* _Material provided_:

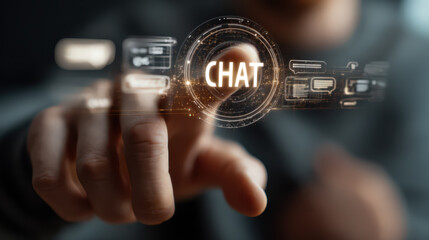 A chat with AI or Artificial Intelligence technology. Man touching chatting virtual with an intelligent artificial intelligence asks for answers he wants. Smart assistant futuristic, Chatbot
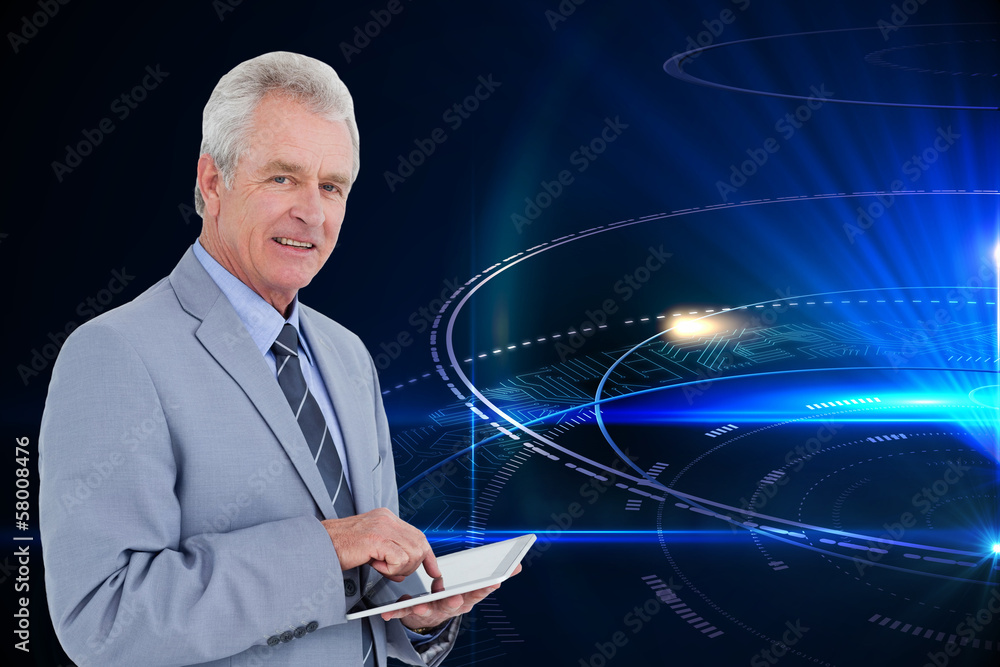 Poster Composite image of side view of mature tradesman with tablet com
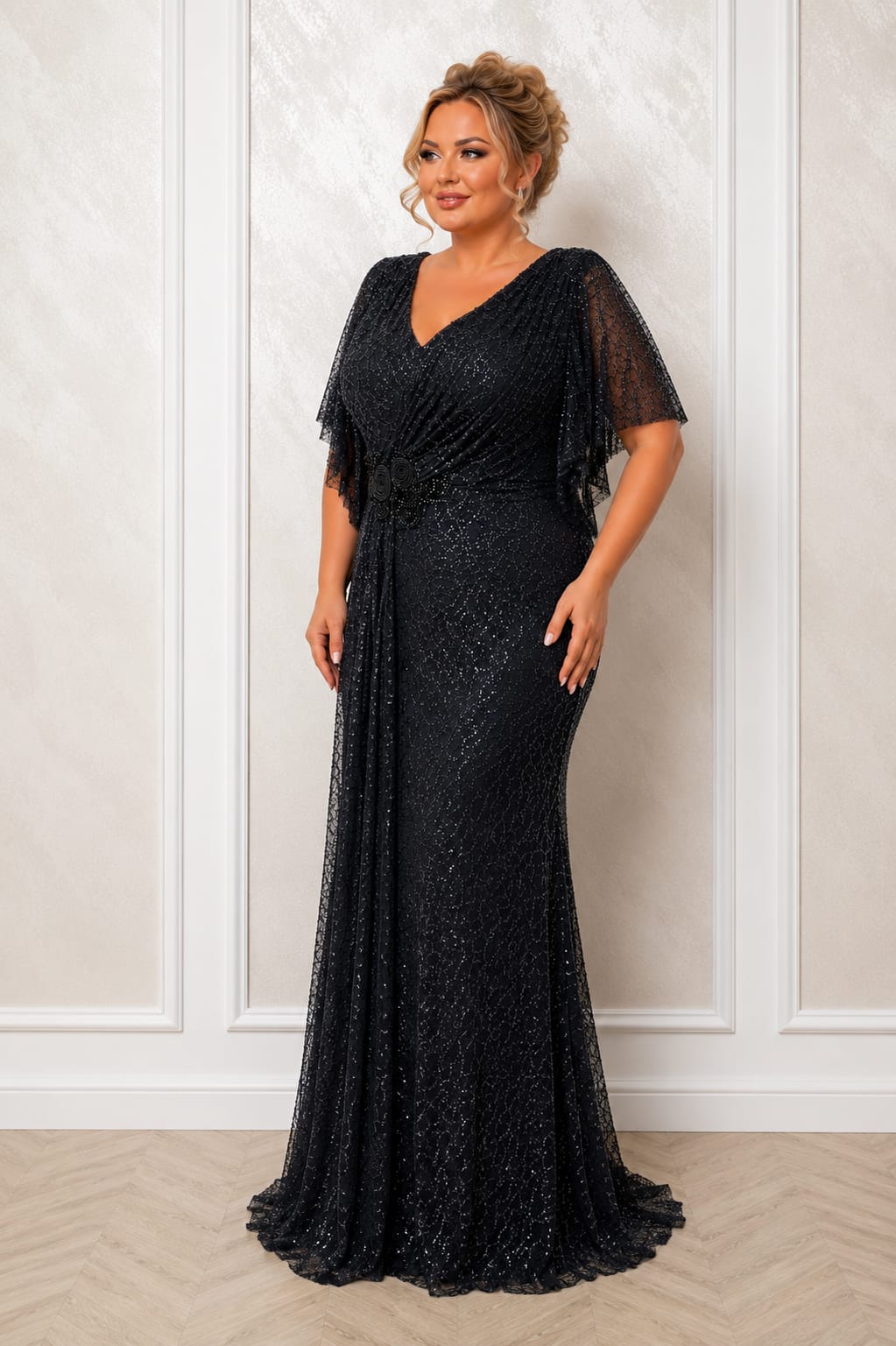 Rochia Sola – Rochie Lunga de Seara Plus Size din Dantela cu Drapaje Elegante | Eleganta si Confort pentru Evenimente Speciale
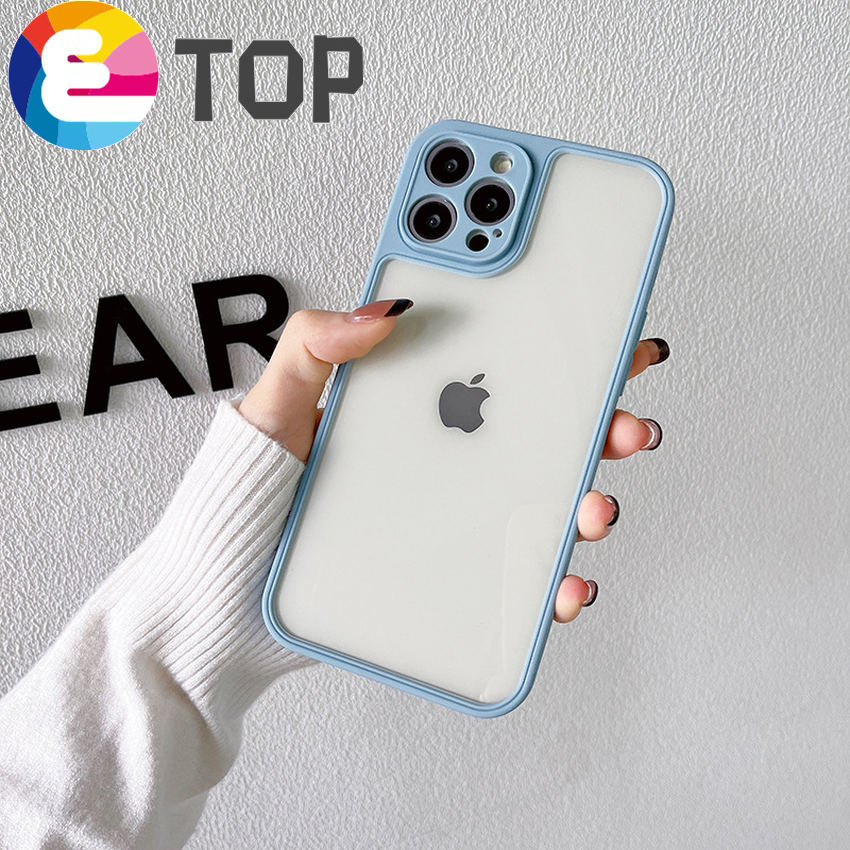 Ultra thin Soft Frame Silicone Transparent Case on For iPhone 11 12 13 Pro Max XR XSMAX Clear Back Cover Camera Protection Cases.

* _Task instructions_:
This task asks for the data above repeated exactly, without a single picture.

* _Solution for this task_:
 A chat with AI or Artificial Intelligence technology. Man touching chatting virtual with an intelligent artificial intelligence asks for answers he wants. Smart assistant futuristic, Chatbot
 Poster Composite image of side view of mature tradesman with tablet com
 Rochia Sola – Rochie Lunga de Seara Plus Size din Dantela cu Drapaje Elegante | Eleganta si Confort pentru Evenimente Speciale
 Ultra thin Soft Frame Silicone Transparent Case on For iPhone 11 12 13 Pro Max XR XSMAX Clear Back Cover Camera Protection Cases.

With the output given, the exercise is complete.